In this post, I will describe a series of data processing steps in R that I often perform that involves the map_df
, inner_join
, and pivot_longer
functions from the purrr
, dplyr
, and tidyr
packages, respectively. They are all part of the tidyverse, so to follow this post, please install the tidyverse
package.
install.packages("tidyverse")
library(tidyverse)
The typical scenario is that I have used two (or more) tools to process a list of samples and the tools generate an output file for each sample. To mimic this, I have written a simple function that will generate 10 output files for "tool x" and another 10 output files for "tool y".

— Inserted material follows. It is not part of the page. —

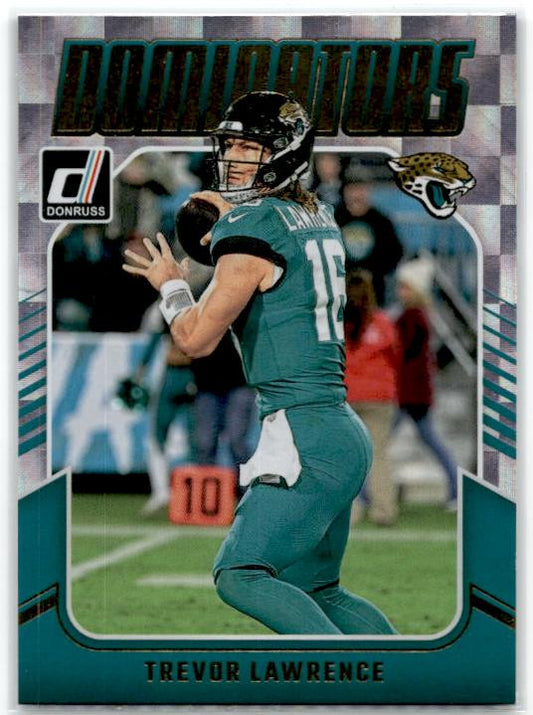 2024 Donruss #23 Trevor Lawrence Dominators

gen_ran_files <- function(nfiles, suffix, seed){
if(nfiles > 26){
stop("Please input a number between 1 and 27")
}
set.seed(seed)
for(i in 1:nfiles){
write.csv(
x = data.frame(sample = letters[i], purity = rnorm(1)),
file = paste0(letters[i], "_", suffix, ".csv"),
row.names = FALSE
)
}
}
gen_ran_files(10, "x", 1948)
gen_ran_files(10, "y", 1984)
We now have 20 output CSV files, 10 from each tool.
list.files(pattern = ".csv$")
[1] "a_x.csv" "a_y.csv" "b_x.csv" "b_y.csv" "c_x.csv" "c_y.csv" "d_x.csv" "d_y.csv" "e_x.csv" "e_y.csv"

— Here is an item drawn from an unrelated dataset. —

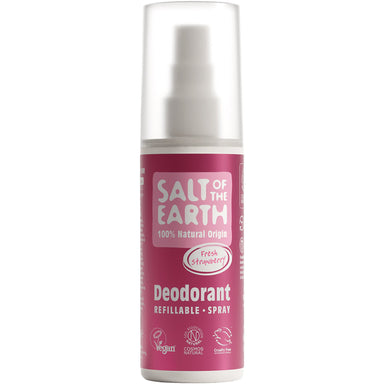 Natural Deodorant Spray | Strawberry - mypure.co.uk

[11] "f_x.csv" "f_y.csv" "g_x.csv" "g_y.csv" "h_x.csv" "h_y.csv" "i_x.csv" "i_y.csv" "j_x.csv" "j_y.csv"
We want to compare the outputs of each tool but the results are spread across 20 different files. We can use the map_dfr
function to create two data frames containing the results of each tool. In the code below, the map_dfr
function is used to "apply" the read_csv
function to a list of CSV files. This returns a single data frame that was created by row-binding, i.e. appending the rows returned from read_csv
. In addition, the data type for the columns (character and double) are explicitly provided for read_csv
.
x_output <- map_dfr(list.files(pattern = "x.csv"), read_csv, col_types = cols('c', 'd'))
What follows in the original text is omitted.